* _Work instructions_
Copy all the lines of the listing below exactly. Skip the images.

* _Supplied data_
+===+

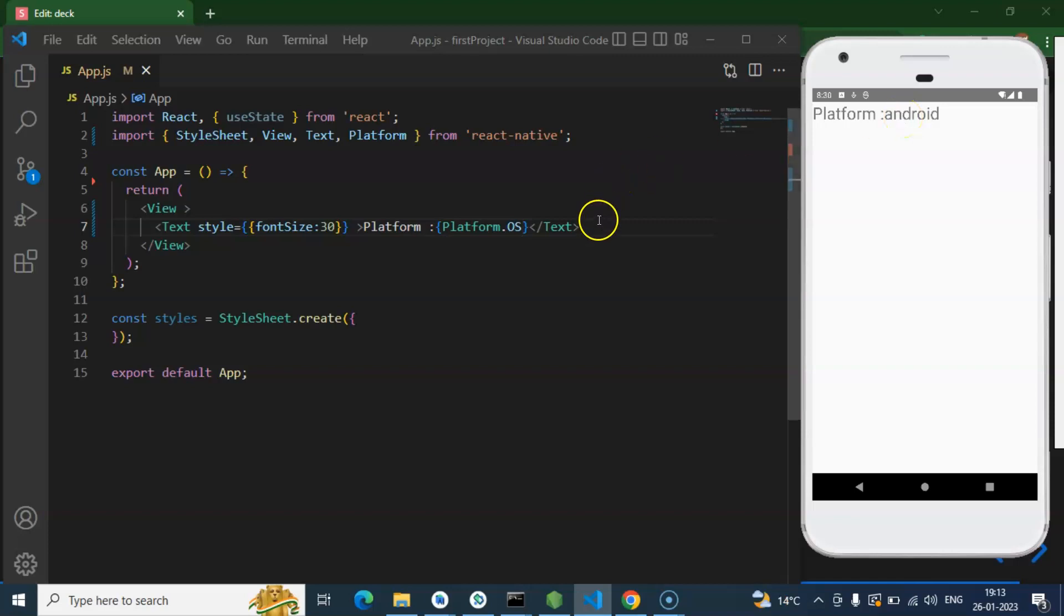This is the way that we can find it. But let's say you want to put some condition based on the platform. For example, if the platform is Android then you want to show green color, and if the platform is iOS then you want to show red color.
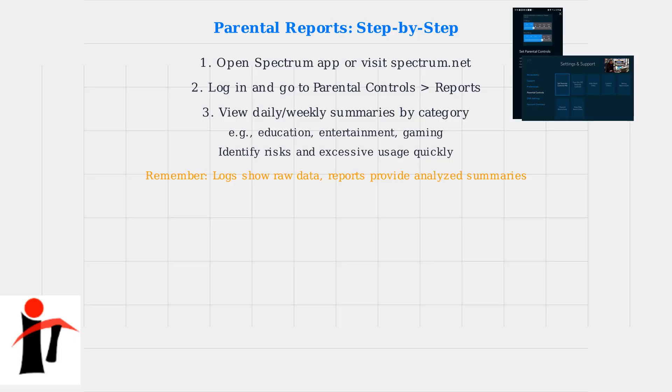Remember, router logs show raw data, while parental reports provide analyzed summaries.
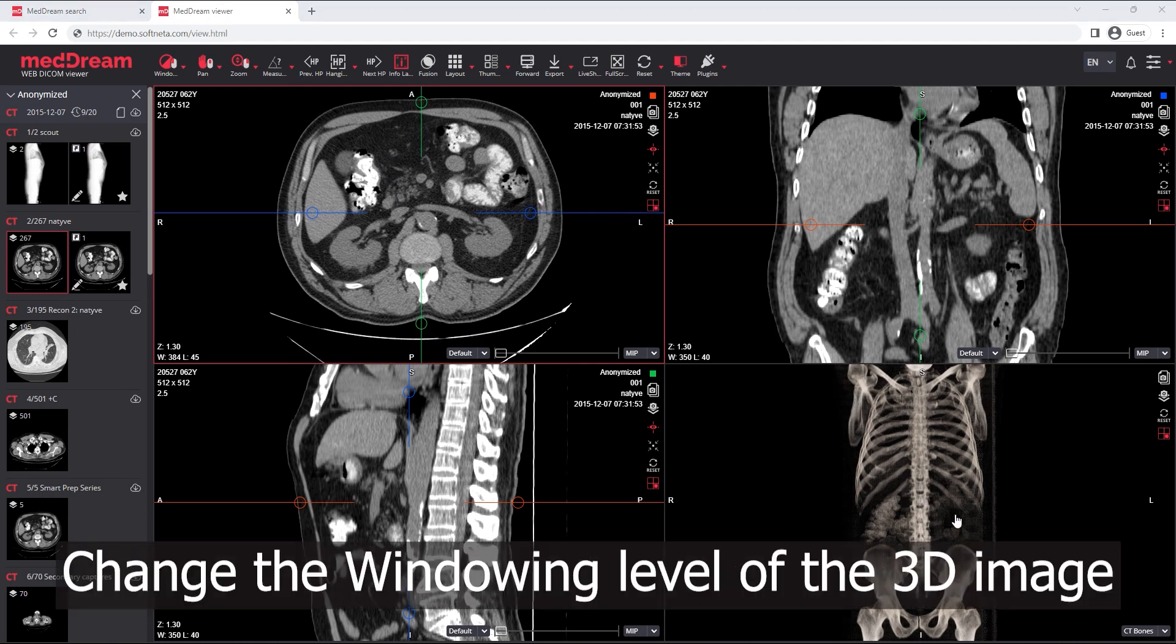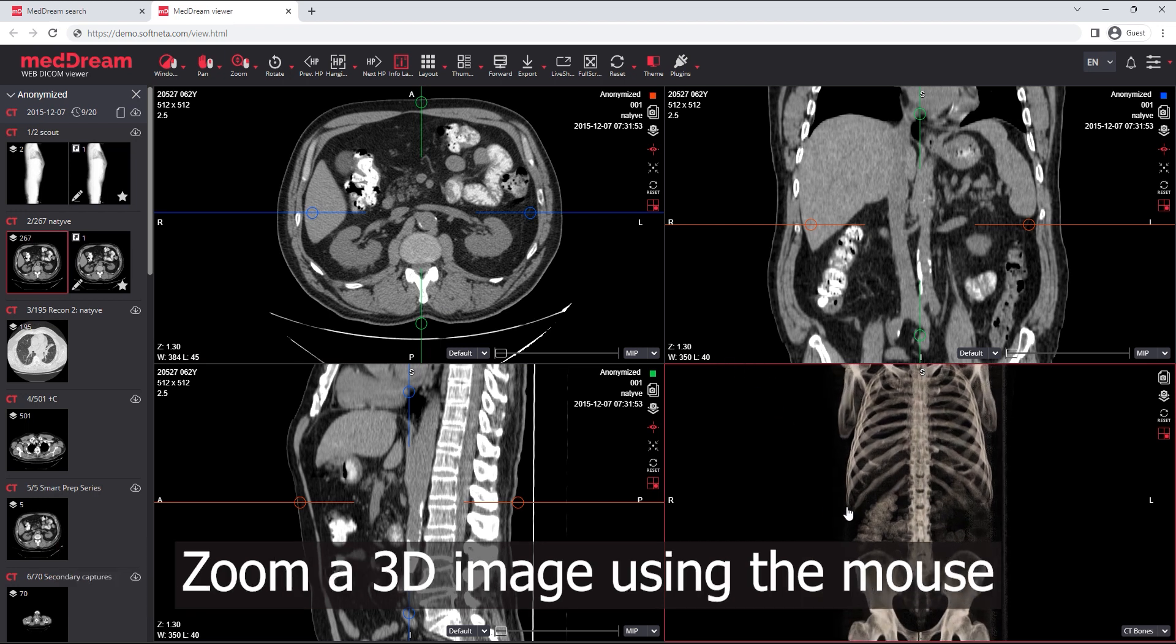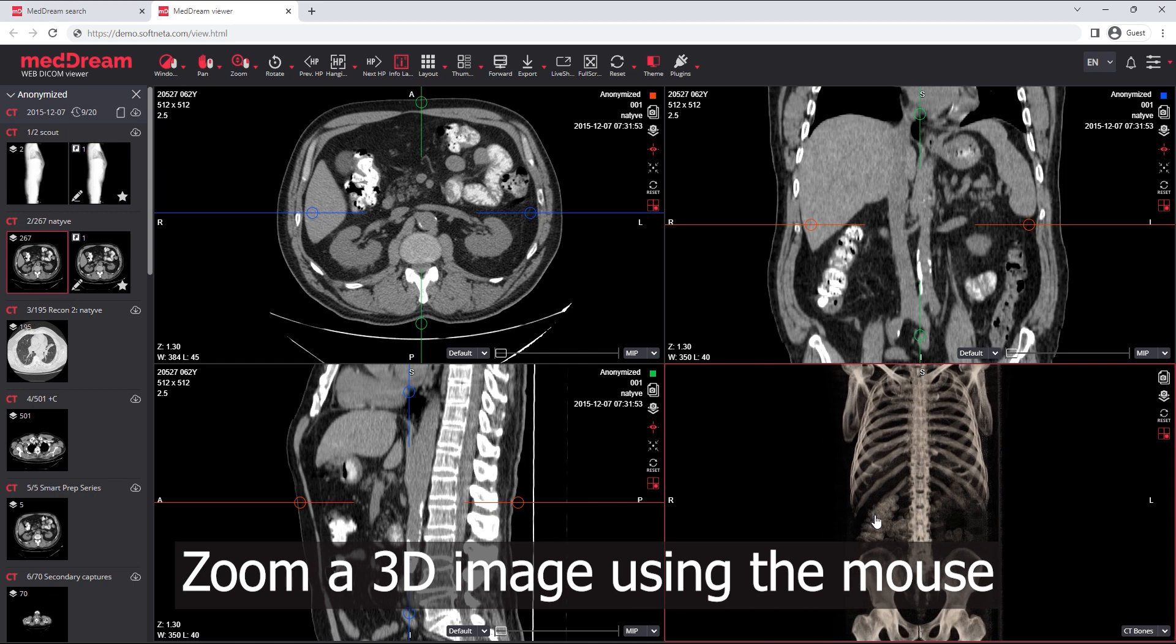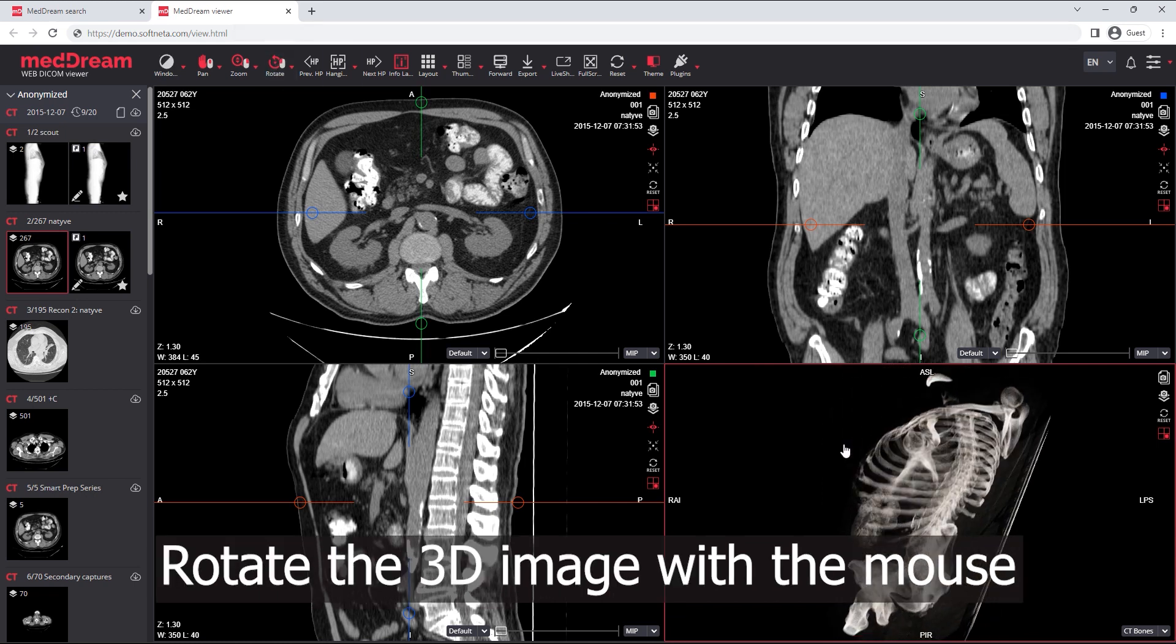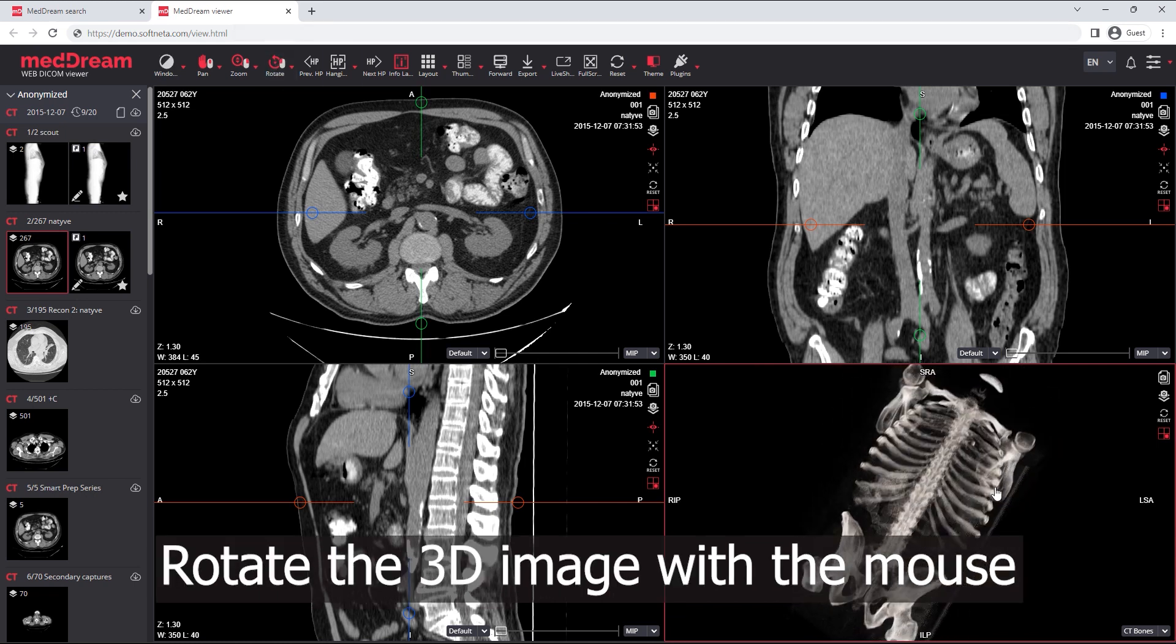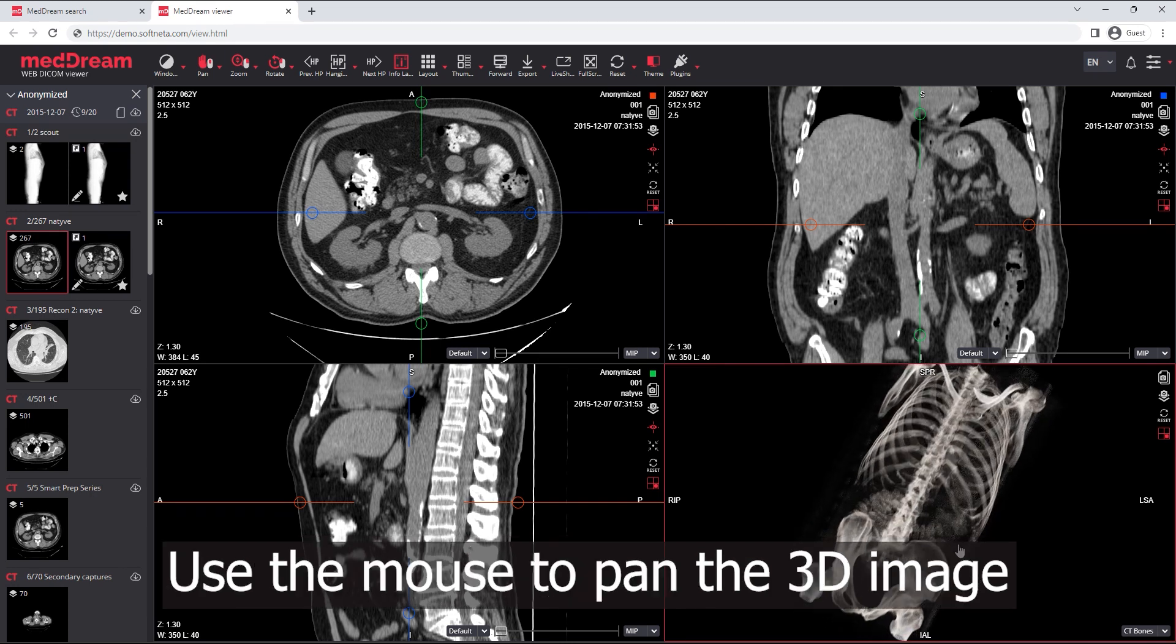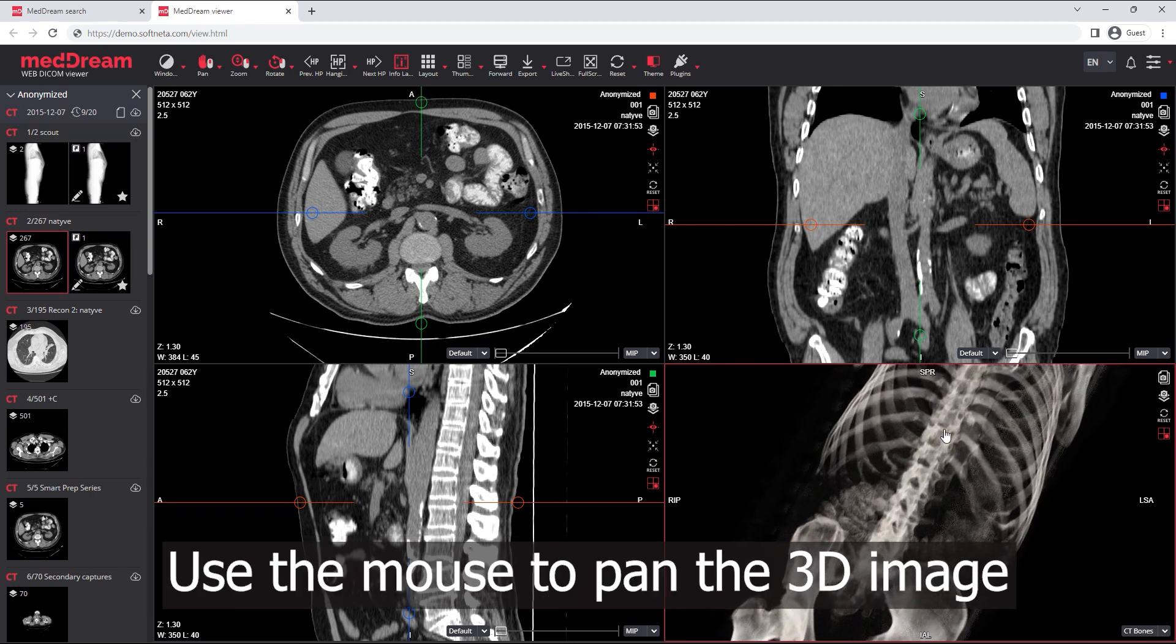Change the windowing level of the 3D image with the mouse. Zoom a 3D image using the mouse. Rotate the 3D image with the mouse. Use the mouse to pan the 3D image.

+===+

* _Response area_
This is the way that we can find it. But let's say you want to put some condition based on the platform. For example, if the platform is Android then you want to show green color, and if the platform is iOS then you want to show red color.
Remember, router logs show raw data, while parental reports provide analyzed summaries.
Change the windowing level of the 3D image with the mouse. Zoom a 3D image using the mouse. Rotate the 3D image with the mouse. Use the mouse to pan the 3D image.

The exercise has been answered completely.